The problem is that the way the code is structured, you'll have multiple instances of some functions. The best way would be eliminate the source of the problem by structuring code like this: ...
and he proposes to move the `template<class Archive> void serialize` function of the classes from the header file into the cpp file.
However, *our* code already does this, and we get this assertion regardless. The reason I suspect is that both the main module code as well as the DLL module code are calling into the recursive_register function to register the type, and since the code for the class is (identically) duplicated in the DLL as well as in the executable, obviously it is registered twice.

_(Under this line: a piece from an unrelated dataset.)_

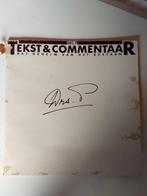 Drs P tekstboek, Ophalen of Verzenden, Gebruikt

You might want to investigate this a little more. The "registration" occurs before main(..) is called. The static object which does this is created as a side-effect of invoking serialization. So if registrations are occuring in multiple modules, I would say it's because invokations are occuring in multiple modules. It has been my believe that structuring the code as above would address this issue. As I said that is my belief - I feel that I could be proved wrong and perhaps you've done just that. or perhaps not. So I would be interested in seeing what you find when you get to the bottom of it. Here a couple of ideas you might try. Using the debugger, trap the code at the registration point and verify where each module is invoking the registration from. Also you can track the registration lookup to verify that the code isn't being called from some unexpected place. In a large program, it's my custom to create a local library of all my modules and link this code into my executable. This speeds up application compilation/link time and helps keep me from coupling modules in unintended ways. I suspect that many do this for the same reason. The problem is that when one does this, you might be linking the code from the library into both the DLL and the main module without realizing it. If you application is gigantic - which it might well be, this would be hard to find. So you might consider putting the serialization modules in a separate library so that this library ONLY linked when creating the DLL. As I said, I believe this assertion can be trapped only if the serialization code is included in multiple modules.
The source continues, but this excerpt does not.